Inchiesta sulla bancarotta della società biancorossa: per la SSC Bari, perdite coperte e patrimonio netto tornato positivo. Oltre 23 milioni di euro gli apporti e le rinunce del socio unico nella stagione 2025/2026. Il 10 settembre l’udienza davanti al tribunale di Bari.

«Non sussiste alcuno stato di insolvenza». È questa la linea della SSC Bari nel procedimento avviato dalla Procura della Repubblica di Bari per l’apertura della liquidazione giudiziale della società biancorossa. In vista dell’udienza fissata per 10 settembre 2026, il club ha depositato la propria memoria difensiva, contestando i presupposti della richiesta della Procura e documentando, secondo quanto riferito dalla stessa società, gli interventi effettuati per rafforzare la situazione patrimoniale e finanziaria.

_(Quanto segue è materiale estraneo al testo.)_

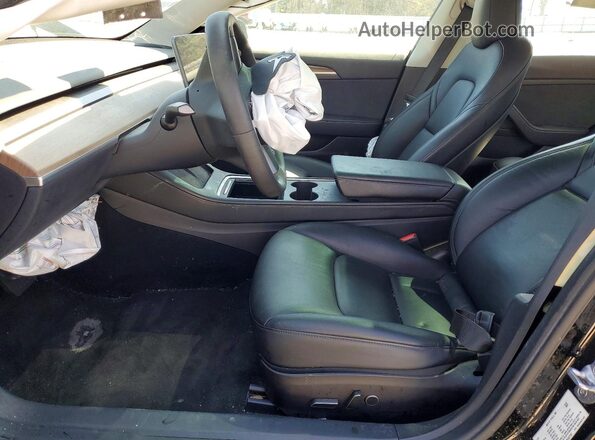 5YJ3E1EA2PF422787 2023 TESLA MODEL Black 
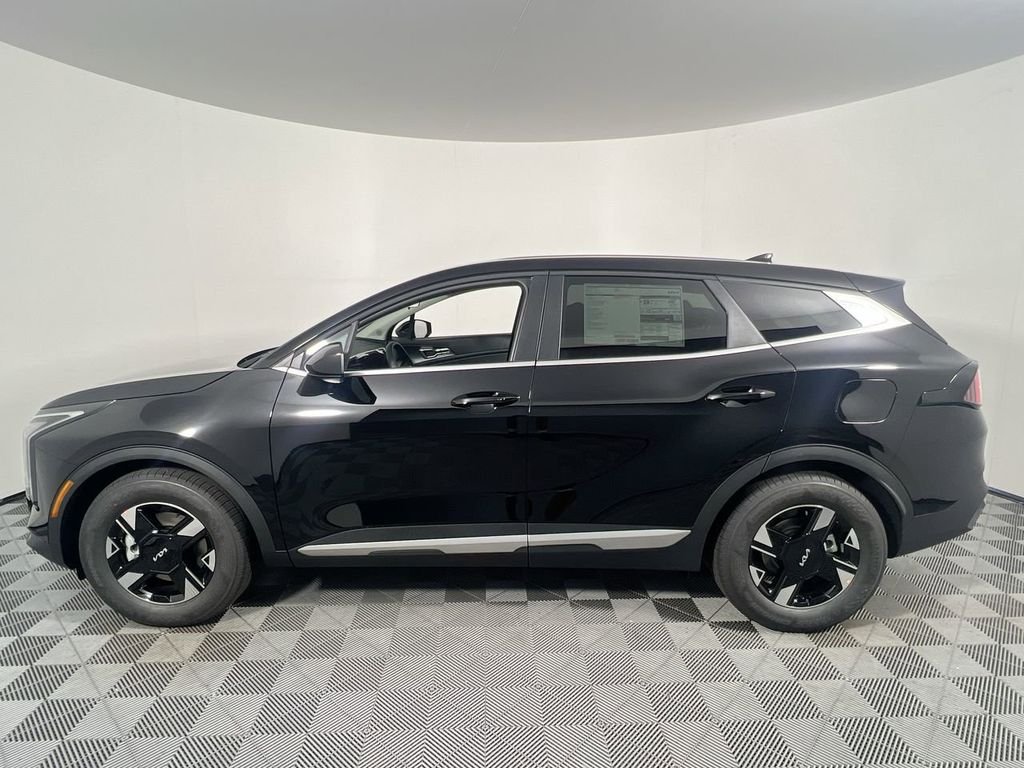 New 2026 Ebony Black Kia LX image 8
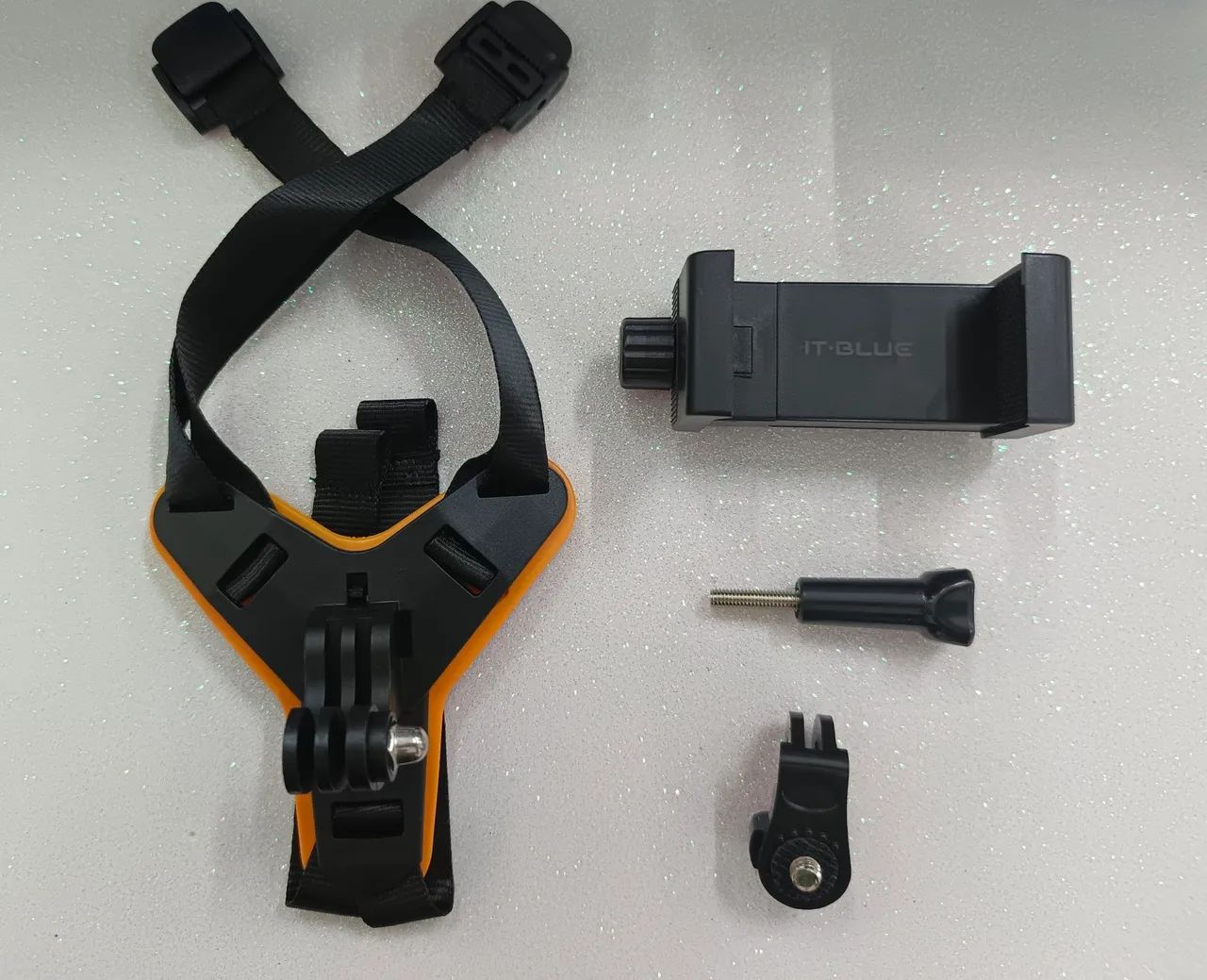 SUPORTE DE PLASTICO P/CELULAR REF: LE-143 - Foto 4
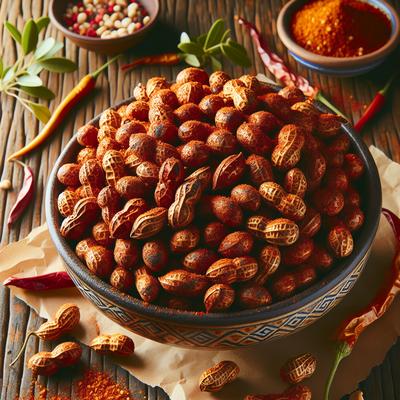 Image of Southern Spicy Roasted Peanuts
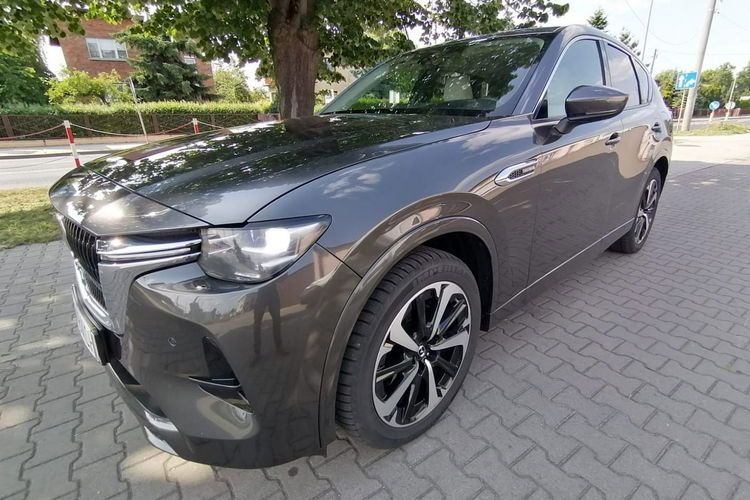 Mazda CX-60 e-Skyactive-D 254 M Hybrid AWD wersja TAKUMI zdjęcie 16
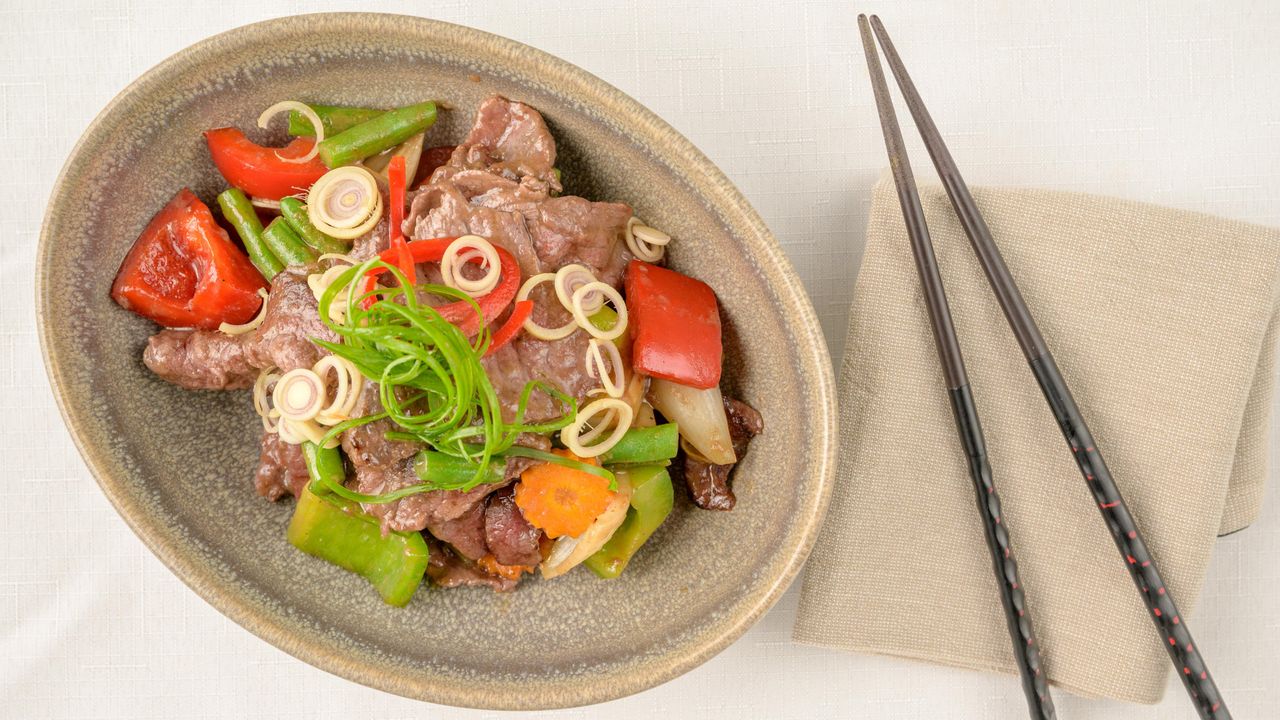 Lemongrass Beef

La vicenda giudiziaria si inserisce nel momento più delicato della recente storia del Bari, dopo la retrocessione in Serie C. La Procura aveva chiesto l’apertura della procedura di liquidazione giudiziale contestando una situazione di insolvenza della società. Nel procedimento risultano indagati Luigi e Aurelio De Laurentiis: il primo, amministratore unico della SSC Bari, il secondo, presidente del cda del Napoli e legale rappresentante di Filmauro. Le ipotesi di reato contestate sono false comunicazioni sociali, in relazione al bilancio dell’esercizio 2024 del Bari, e bancarotta fraudolenta.